KANALHUKUM.CO. Rancangan Undang-Undang (RUU) Penyiaran mendapat berbagai tanggapan dari beberapa organisasi pers di tanah air. Salah satunya Dewan Pers yang mempertanyakan urgensi Rancangan RUU tersebut. Menurut Dewan Pers Presiden Joko Widodo sangat menghormati pers dan menilai RUU Penyiaran adalah upaya dalam memberangus kebebasan pers di Indonesia
Menurut Ketua Dewan Pers Ninik Rahayu adanya Perpres tersebut menunjukkan menghormati karya jurnalistik berkualitas.” Lah kenapa, di draf RUU Penyiaran ini melarang media menyiarkan jurnalistik investigatif. Jurnalistik investigatif itu adalah mahkota dari kerja kerja jurnalistik,”ujarnya.
Ninik menyebut draf RUU Penyiaran untuk saat ini sangat berbahaya untuk demokrasi di Indonesia. Ia mengatakan dalam draf revisi tersebut banyak sekali yang memberatkannya, setidaknya ada tiga pasal yang perlu perhatian, yakni Pasal 48, 58, dan 127. Juga Pasal 8 dan 30.

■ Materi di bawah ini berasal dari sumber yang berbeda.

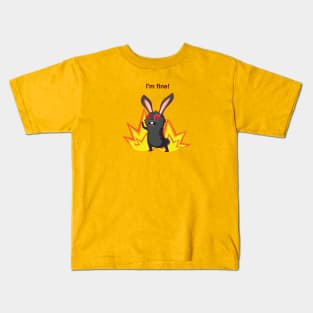 Everything is fine meme with black rabbit Kids T-Shirt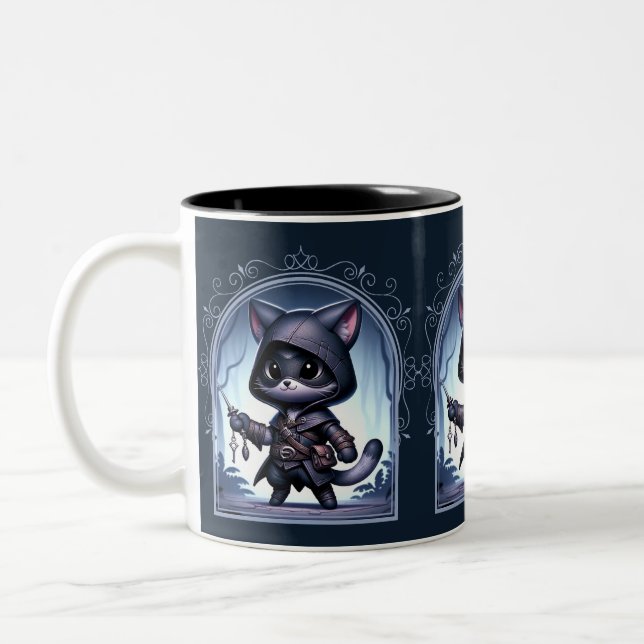 Rogue Feline Fantasy Adventure Two-Tone Coffee Mug (Left)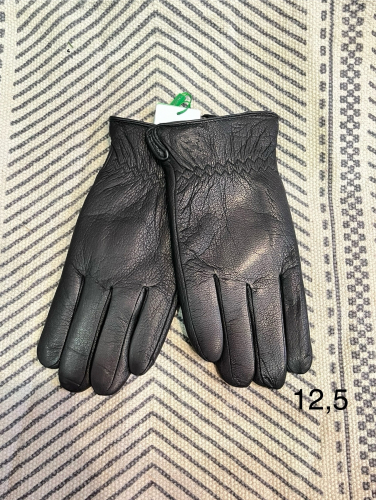 Мужские перчатки из натуральной кожи оленя + шерсть/Kasablanka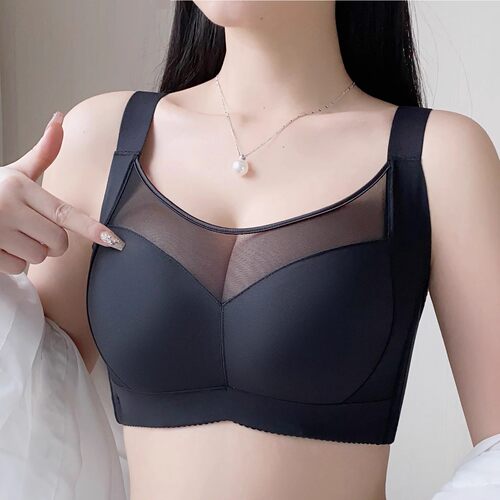 美容院大胸显小全罩杯内衣女收副乳防下垂聚拢调整型抹胸文胸薄款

Selain itu, Ninik menilai RUU Penyiaran adalah upaya dalam memberangus kebebasan pers di Indonesia. “Ini upaya memberangus pers kita dan dinilai akan membahayakan demokrasi, dan semangat reformasi di Indonesia, ketika hak warga negara untuk mengetahui dan berbicara sangat dibelenggu,” jelasnya.
Menurutnya upaya memberangus pers Indonesia bukan kali pertama terjadi di mana hal yang sama dilakukan saat perancangan UU Nomor 7 Tahun 2017 tentang Pemilu, UU Nomor 11 Tahun 2020 tentang Cipta Kerja, dan UU Nomor 1 Tahun 2023 tentang Kitab Undang-Undang Hukum Pidana (KUHP).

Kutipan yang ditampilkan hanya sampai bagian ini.